Resolver este misterio no sería fácil.
—Olvídalo por ahora. Centrémonos en la batalla que se avecina —finalmente dijo el rey.
Nadie objetó. Si el General de División Rafiq hubiera sabido que la razón por la que no podía comunicarse con el Emperador era porque habían pedido al honorable Inmortal que instalara una barrera de aislamiento, ¿quién sabe qué habría pensado?
Ese día, el General de División Rafiq, como de costumbre, fue a la sala de control para verificar la situación.

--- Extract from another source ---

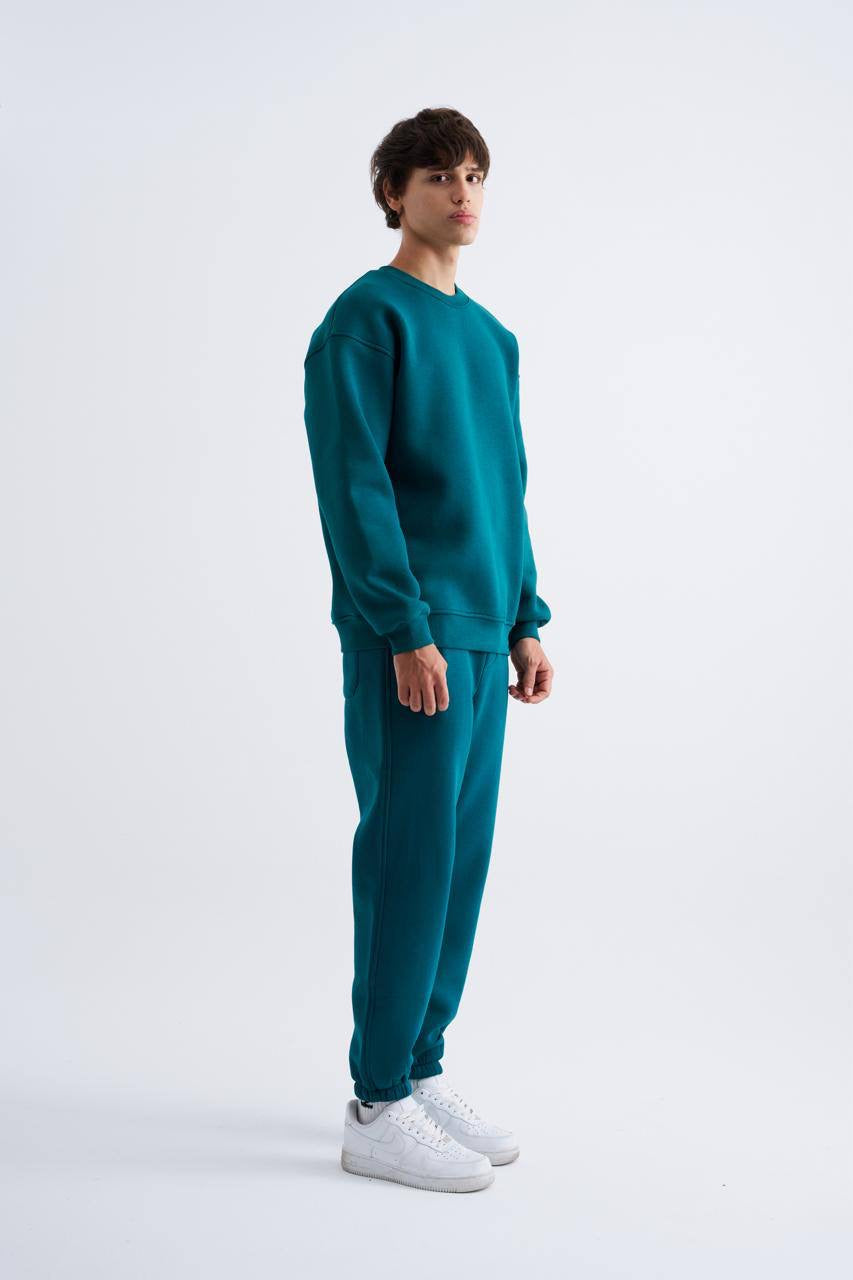 Oversized Boxy Scuba Sweatshirt – Forest Green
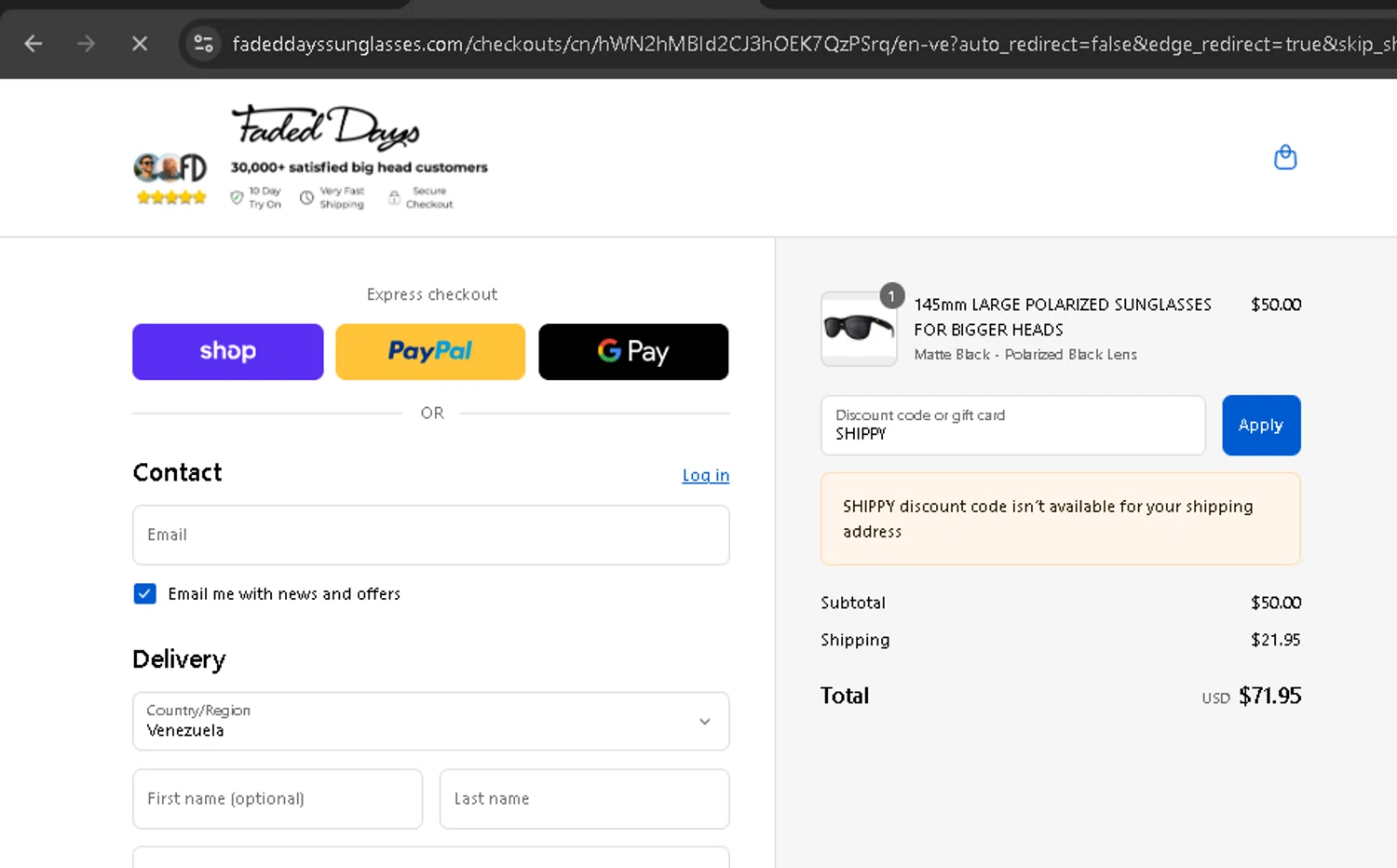 Faded Days discount code screenshot showing code SHIPPY applied at Faded Days checkout page. Uploaded by SimplyCodes community member BonusPro7395 on Sep 7, 2025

El Oficial Khan solo pudo negar con la cabeza.
—Todo esto es extraño. Con el nivel de tecnología de los alienígenas, no hay manera de que necesiten tanto tiempo solo para localizar y contactar a la familia real. Tal vez tengamos que recurrir a métodos más primitivos.
El General de División Rafiq reflexionó por un momento antes de decir:
—Entonces procedamos con un enfoque de dos vías. Si aún no podemos establecer contacto, tendremos que esperar hasta que la situación en el Planeta Lumora se resuelva.
—General, no creo que el Imperio pueda resistir tanto tiempo. Estoy preocupado; los alienígenas parecen estar tramando algo. Si realmente sucede algo…
—Para ser honesto, yo también estoy preocupado —dijo el mentor del General de División Rafiq—. Todavía estaba en el Planeta Veloxia, lo cual era una de las razones por las que estaba tan ansioso por establecer contacto. En ese caso, enviemos a alguien directamente. Pero deben tener cuidado para evitar ser detectados por los alienígenas.
—No se preocupe, General. Asignaré a la persona más adecuada para la tarea.
Esa misma noche, tras recibir la aprobación del general, el Oficial Khan seleccionó a un subordinado experto en recopilación de inteligencia y ocultamiento.
El agente abordó una pequeña nave espacial y partió.
Al día siguiente, tanto los humanos como los alienígenas hicieron movimientos significativos, y los alienígenas en el Planeta Gallia comenzaron sus propios despliegues estratégicos tras recibir informes de inteligencia.
Mientras tanto, una flota de naves de guerra, que había estado esperando en los alrededores del Planeta Teutonia, de repente se llenó con decenas de miles de unidades mecha de Cosmorita y un millón de tropas.